Cover: Data Lakes For Dummies by Alan Simon

Logo: Wiley

Data Lakes For Dummies®

To view this book's Cheat Sheet, simply go to www.dummies.com and search for “Data Lakes For Dummies Cheat Sheet” in the Search box.

Introduction

In December 1995, I wrote an article for Database Programming & Design magazine entitled “I Want a Data Warehouse, So What Is It Again?” A few months later, I began writing Data Warehousing For Dummies (Wiley), building on the article’s content to help readers make sense of first-generation data warehousing.

Fast-forward a quarter of a century, and I could very easily write an article entitled “I Want a Data Lake, So What Is It Again?” This time, I’m cutting right to the chase with Data Lakes For Dummies.

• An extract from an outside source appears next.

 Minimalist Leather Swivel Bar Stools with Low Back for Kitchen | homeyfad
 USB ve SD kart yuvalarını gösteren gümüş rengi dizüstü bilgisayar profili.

To quote a famous former baseball player named Yogi Berra, it’s déjà vu all over again!

Nearly every large and upper-midsize company and governmental agency is building a data lake or at least has an initiative on the drawing board. That’s the good news.

The not-so-good news, though, is that you’ll find a disturbing lack of agreement about data lake architecture, best practices for data lake development, data lake internal data flows, even what a data lake actually is! In fact, many first-generation data lakes have fallen short of original expectations and need to be rearchitected and rebuilt.

As with data warehousing in the mid-’90s, the data lake concept today is still a relatively new one. Consequently, almost everything about data lakes — from its very definition to alternatives for integration with or migration from existing data warehouses — is still very much a moving target. Software product vendors, cloud service providers, consulting firms, industry analysts, and academics often have varying — and sometimes conflicting — perspectives on data lakes. So, how do you navigate your way across a data lake when the waters are especially choppy and you’re being tossed from side to side?

That’s where Data Lakes For Dummies comes in.

About This Book

Data Lakes For Dummies helps you make sense of the ABCs — acronym anarchy, buzzword bingo, and consulting confusion — of today’s and tomorrow’s data lakes.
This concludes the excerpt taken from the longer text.